Lieven Bertels, a Belgian arts professional with global experience, made his first visit to Bentonville two and a half years ago. He had worked in the U.K. and the Netherlands and most recently directed an arts festival in Sydney, Australia. Now here he was, a little apprehensive but interviewing for a job in a place of which he’d had no clue. But something big was clearly about to happen, another cultural leap sparked by a deep-pockets investment in art. And Bertels found himself, after a mere six hours in this remote but increasingly active outpost, dialing up his wife via Skype and delivering the proverbial “honey, we’re moving” news.

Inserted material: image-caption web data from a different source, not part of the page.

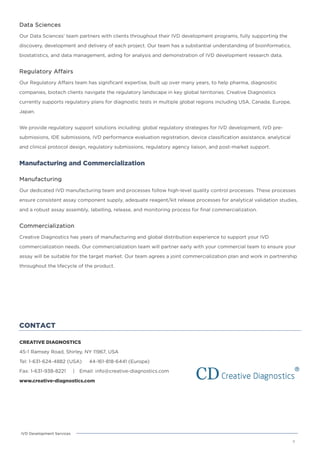 CONTACT
CREATIVE DIAGNOSTICS
45-1 Ramsey Road, Shirley, NY 11967, USA
Tel: 1-631-624-4882 (USA) 44-161-818-6441 (Europe)
Fax: 1-631-938-8221 | Email: info@creative-diagnostics.com
www.creative-diagnostics.com
8
IVD Development Services
Data Sciences
Our Data Sciences’ team partners with clients throughout their IVD development programs, fully supporting the
discovery, development and delivery of each project. Our team has a substantial understanding of bioinformatics,
biostatistics, and data management, aiding for analysis and demonstration of IVD development research data.
Regulatory Affairs
Our Regulatory Affairs team has significant expertise, built up over many years, to help pharma, diagnositic
companies, biotech clients navigate the regulatory landscape in key global territories. Creative Diagnostics
currently supports regulatory plans for diagnostic tests in multiple global regions including USA, Canada, Europe,
Japan.
We provide regulatory support solutions including: global regulatory strategies for IVD development, IVD pre-
submissions, IDE submissions, IVD performance evaluation registration, device classification assistance, analytical
and clinical protocol design, regulatory submissions, regulatory agency liaison, and post-market support.
Manufacturing and Commercialization
Manufacturing
Our dedicated IVD manufacturing team and processes follow high-level quality control processes. These processes
ensure consistent assay component supply, adequate reagent/kit release processes for analytical validation studies,
and a robust assay assembly, labelling, release, and monitoring process for final commercialization.
Commercialization
Creative Diagnostics has years of manufacturing and global distribution experience to support your IVD
commercialization needs. Our commercialization team will partner early with your commercial team to ensure your
assay will be suitable for the target market. Our team agrees a joint commercialization plan and work in partnership
throughout the lifecycle of the product.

Sure, maybe money talks at the Crystal Bridges Museum of Art, the highly ambitious and locally transformational showplace founded by the Walmart Waltons, the wealthiest family in America.

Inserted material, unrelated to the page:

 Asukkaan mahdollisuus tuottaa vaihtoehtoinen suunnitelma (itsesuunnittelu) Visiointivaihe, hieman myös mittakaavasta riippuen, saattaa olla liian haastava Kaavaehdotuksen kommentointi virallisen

But what Bertels signed onto is an attractive, and to him irresistible, commitment to the arts of today. He’s director of the latest expansion effort at Crystal Bridges. The museum has built an offsite campus devoted to contemporary art and cross-disciplinary culture called the Momentary.

The project is scheduled to open to the public Feb. 22 near Southeast E and 8th streets. It’s barely more than a mile south of the Moshe Safdie-designed Crystal Bridges complex in a wooded valley near Bentonville’s downtown district. The Momentary will host two major art exhibits this year, including a huge installation by Kansas City Art Institute alum Nick Cave, and will offer as many as 80 other events involving a wide range of performing arts, education, and even food initiatives.

“One of the things that excited me, from that more international perspective,” Bertels told me during a recent interview, “was that it has the best of both worlds in making a meaningful difference through arts and culture. This is somewhat a malleable and very swiftly changing, very dynamic part of the U.S. It’s not stale, it’s moving.”

Bertels has the look of a youngish arts professional — black-framed glasses, untucked shirt, stylish, brimmed cap, and close-cropped beard with only a hint of gray. We talked in a construction trailer on an October day a few hours before a public, music-filled preview of the Momentary.

For context, he pointed to such prominent predecessors as the Museum of Modern Art’s PS1 in New York and the Mass MOCA complex in western Massachusetts, each of which involved repurposing an existing building for a new life in the arts.

“Where we might lead the way is accessibility,” Bertels said, a reference to the Momentary’s plans for community engagement and wholly free admission.

“The way we speak about it is that it’s an everyday living room for contemporary art. People should feel they can come in without much knowledge of the subject. It’s not about what you knew before you walked in; it’s about the experience you’re about to have.